A top government cyber official said Tuesday that the Cybersecurity and Infrastructure Security Agency hasn’t seen hackers compromise federal agencies by exploiting the Apache Log4j vulnerability — but the agency’s still fearful of widespread attacks stemming from it.
Most of all, CISA’s Eric Goldstein said during a phone call Tuesday evening, the government is eager for help from the public in assembling a comprehensive list of all the products that might be susceptible to hackers using the vulnerability, known as Log4Shell in the widely deployed logging library, which the agency expects could affect hundreds of millions of devices or more.
CISA and private sector cybersecurity investigators have struck exceptionally dire notes about the potential fallout that have not, as of yet, come to fruition. It’s that unknown potential, however, that has prompted CISA to try to get organizations to patch their systems and take other steps to secure them.

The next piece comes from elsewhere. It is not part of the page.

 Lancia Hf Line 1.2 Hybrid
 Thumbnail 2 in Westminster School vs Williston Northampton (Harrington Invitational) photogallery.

“Certainly given the nature of this vulnerability, the triviality of exploitation, the ubiquity of the presence across enterprise, consumer and IoT [internet of things] products — really, our broad focus here is driving mitigation across the board, recognizing that malicious cyber actors of all types may decide to use this vulnerability to achieve a variety of attack types or drive a variety of malicious ends,” said Goldstein, executive assistant director of at CISA, a wing of the Department of Homeland Security.
Via the vulnerability, attackers could gain “potentially deep access into a target network, possibly allowing them to exfiltrate information or cause other harmful attacks,” Goldstein said.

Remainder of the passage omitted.